# The OLS Estimator: Theory, Intuition, and Computation
The following notebook explains the OLS estiamtor from both a computational and intuitive perspective. Many students struggle with the mathematics and intuition of the OLS estimator. This notebook provides all of the mathematical and technical details of the OLS estimator along with Python code examples to build intuition for one of the most important algorithms in applied econometrics and data science.

# The Data Generating Process
The data generator processes, or DGP, is the starting point for our investigation into the OLS estimator. The DGP is the model that generates our data and generating our own data can facilitate the analysis of the OLS estimator. 

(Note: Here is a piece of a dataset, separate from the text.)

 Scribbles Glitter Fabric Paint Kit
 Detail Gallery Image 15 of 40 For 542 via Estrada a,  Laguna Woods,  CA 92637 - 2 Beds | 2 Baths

Another way to think about this is that the research process is the reverse of the DGP process. When engaging in empirical research, we are looking for the most appropriate DGP. In other words, we are looking for a model that could have produced the data that we have at hand. In may cases, we will not be able to completely determine the "true" DGP, however the point is to get as close as possible to the formula that generated the data. In practical terms, this means the choice of explanatory variables that could we make should mimic as closely as possible the DGP. Of course, the choice of which explanatory variables to include in our model is just one choice to be made, but it illustrates how the research process is designed to approximate the true DGP.

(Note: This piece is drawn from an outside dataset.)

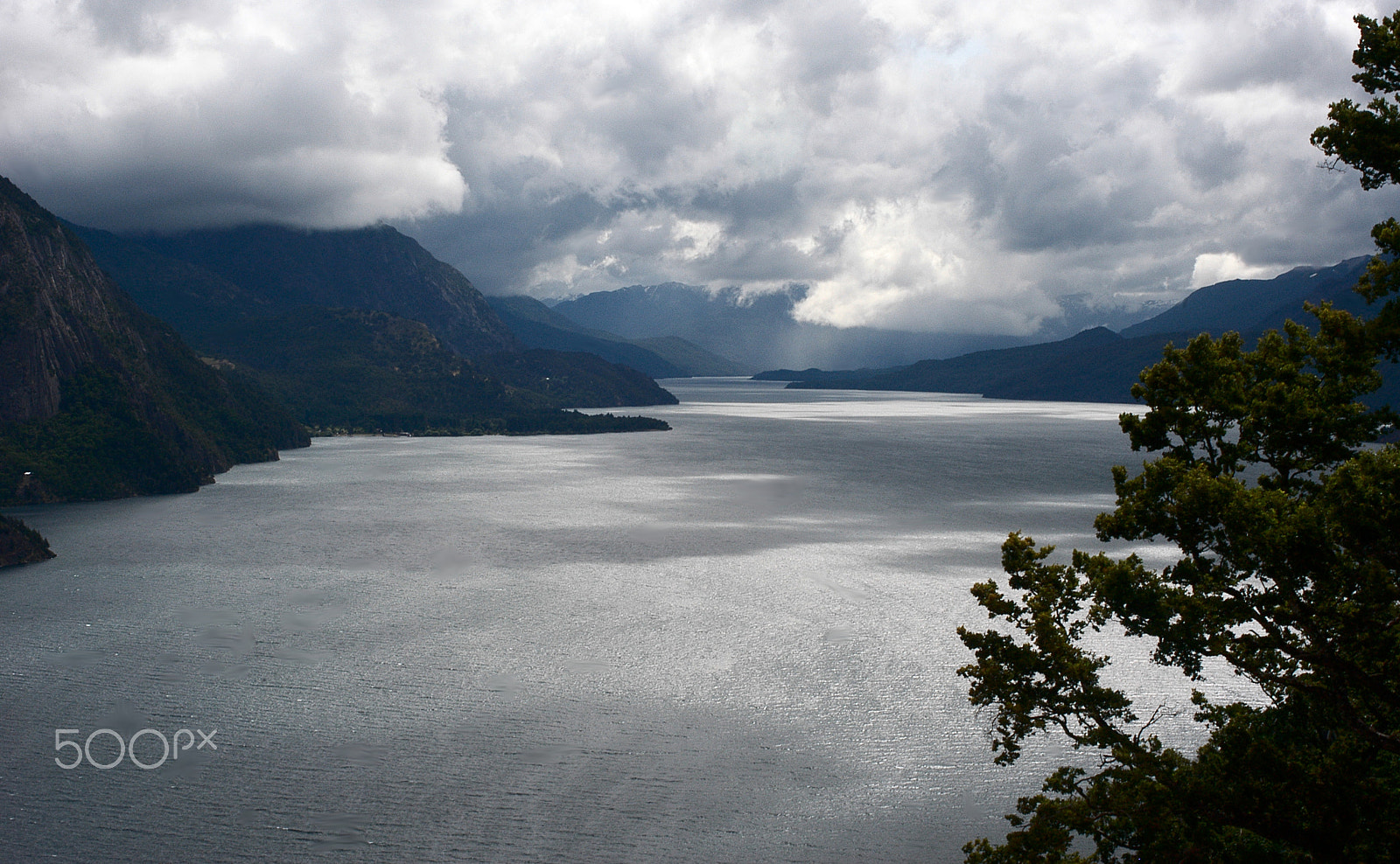 Nikon D100 + AF Zoom-Nikkor 35-70mm f/3.3-4.5 N sample photo. Lago en el cielo photography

# How do we Generate Data?
Generating data from scratch is a fairly simple process, but there are a few decisions that have to be made. First, we need to determine the number of observations we want in our sample, usually denoted by $N$. Next, we need to determine the number of explanatory variables that we would like in our model, usually denoted as $k$. In this lesson, we will use a $k$ that is greater than one, i.e., $k >1$. When $k>1$, we have more than one explanatory variable and thus have a multiple regression model. The multiple regression model can be expressed using matrix algrebra readily, and we will examine these formulas later in the lesson.

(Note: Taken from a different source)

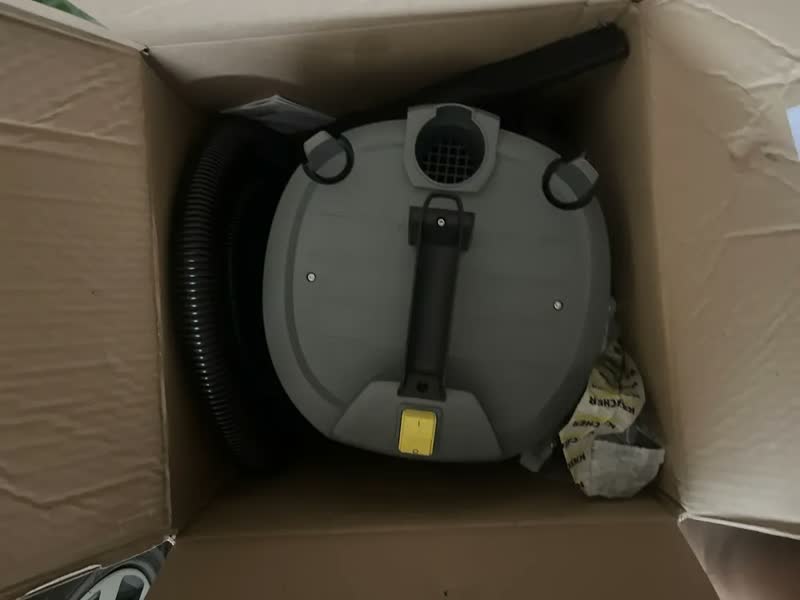 foto de Aspirador de Pó e Líquidos Profissional Kärcher NT 2000 1400W 170 mbar Tanque Inox de 20 Litros 220v
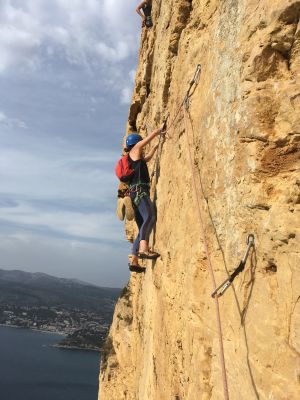 Klettern mitAussicht auf Cassis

First, we need to import Numpy into our Python session. Numpy is a library that adds various matrix and linear algebra routines that are necessary to compute the quantities of interest that we will need later on in the lesson. We can import Numpy with the following command:

In [2]:
import numpy as np
np.random.seed(123)  # This command sets the random seed so that the results here will match your results.


We also import scipy.stats for some of the statistical calculations that we will perform later on:

In [3]:
import scipy.stats as st


Next, we need to specify the number of observations and number of explanatory variables that we will use in our DGP. It should be noted that these choices are arbitrary, and both of these value can be edited and the notebook re-run.

In [4]:
k = 2       # Number of explanatory variables in our regression model (excluding constant--we will get to this later)
N = 1000   # Number of observations in our dataset

The actual regression model indicates that we have $k = 2$ explanatory variables. Mathematically, this is defined as follows:

$y = \beta_0 + \beta_1 X_1 + \beta_2 X_2 + \varepsilon$

The coefficient $\beta_0$ refers to the constant or intercept term, while $\beta_1$ and $\beta_2$ are the coefficients on the two explanatory variables, respectively.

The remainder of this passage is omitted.